* Task to carry out *
Transcribe the data that follows without changing a word, and omit the pictures.

* Given material *
>>

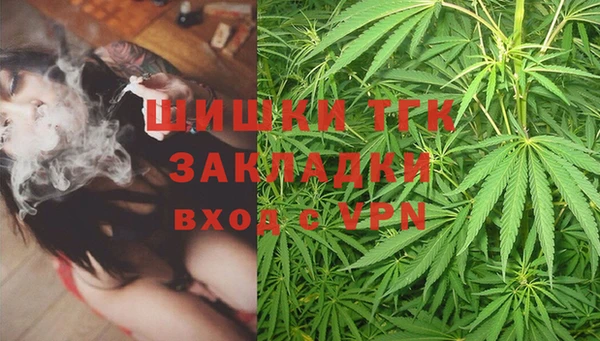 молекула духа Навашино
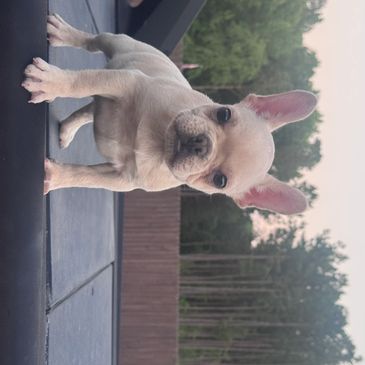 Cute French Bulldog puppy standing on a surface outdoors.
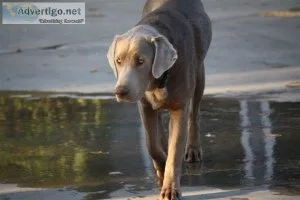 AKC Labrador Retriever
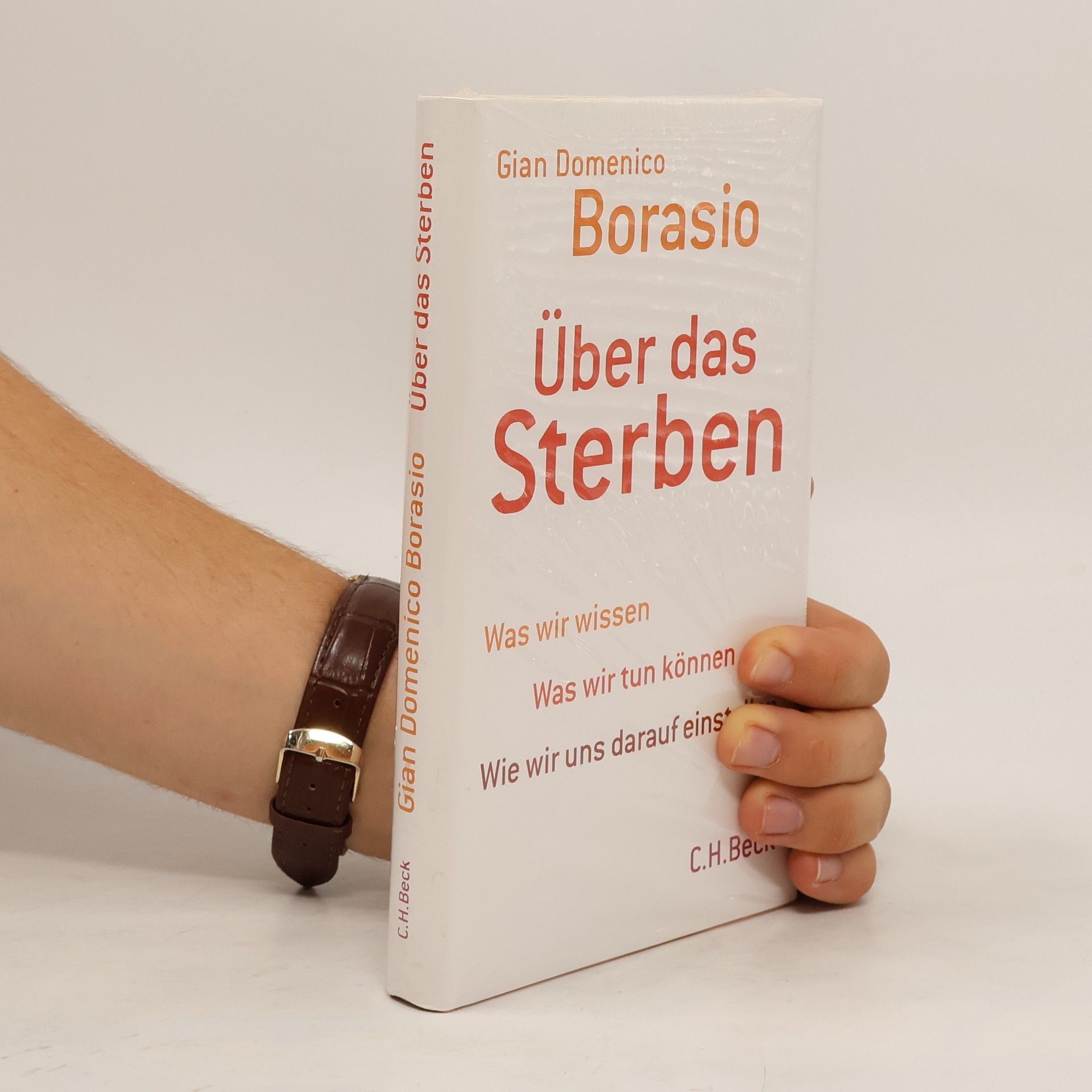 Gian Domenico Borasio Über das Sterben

<<

* Exercise answer *
 молекула духа Навашино
 Cute French Bulldog puppy standing on a surface outdoors.
 AKC Labrador Retriever
 Gian Domenico Borasio Über das Sterben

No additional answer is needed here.